Information shown =>
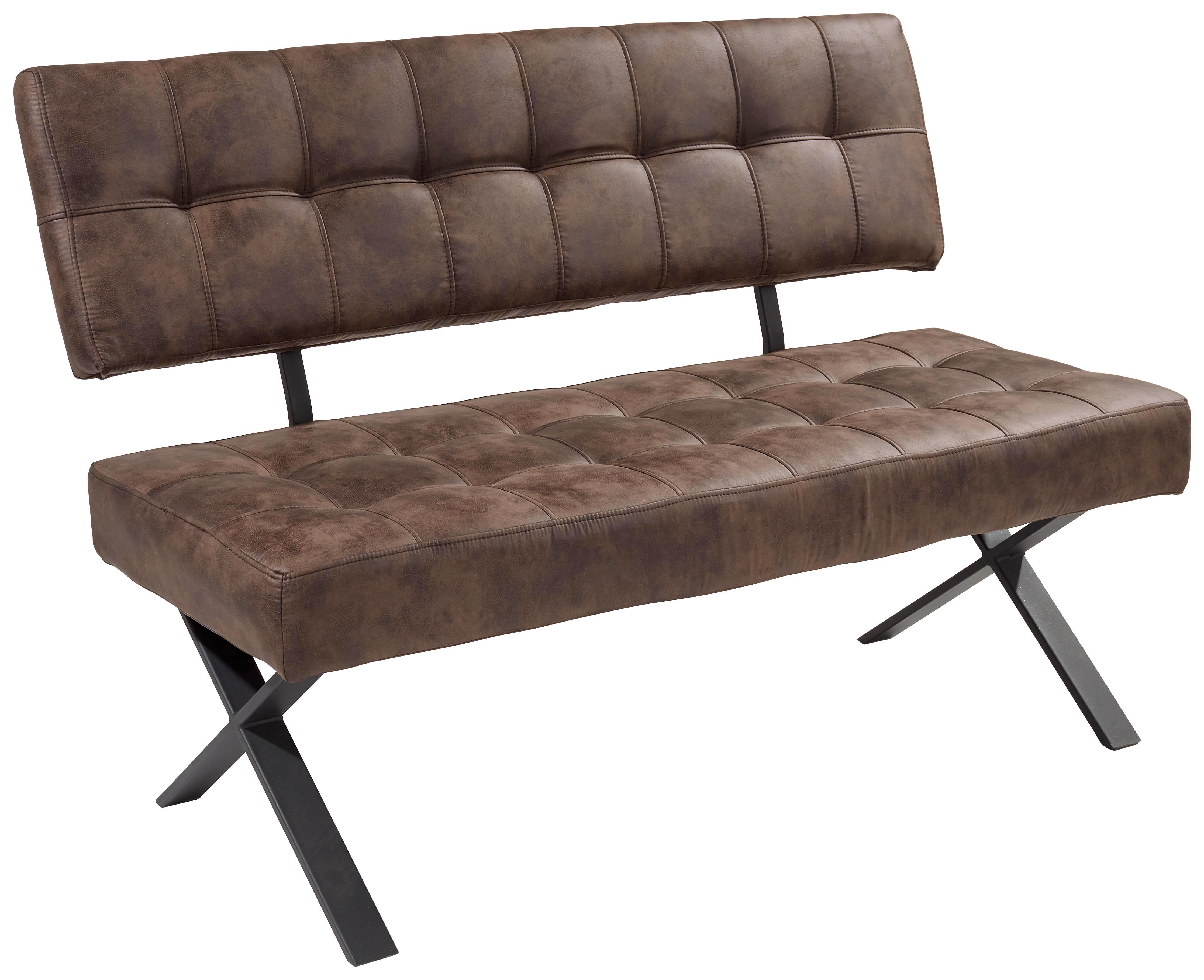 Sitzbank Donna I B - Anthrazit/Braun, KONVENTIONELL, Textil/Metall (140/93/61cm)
...
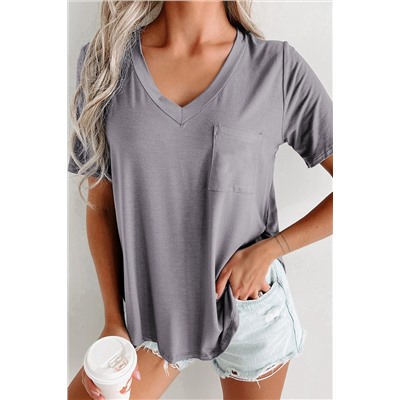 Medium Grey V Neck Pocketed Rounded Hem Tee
* * *
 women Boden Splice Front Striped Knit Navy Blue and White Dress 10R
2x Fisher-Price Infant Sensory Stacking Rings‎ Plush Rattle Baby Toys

Your instructions => Copy out only the lines above from the one with "women Boden Splice" to the one with "2x Fisher-Price Infant", inclusive, exactly as they stand.

Solution to this problem =>
 women Boden Splice Front Striped Knit Navy Blue and White Dress 10R
2x Fisher-Price Infant Sensory Stacking Rings‎ Plush Rattle Baby Toys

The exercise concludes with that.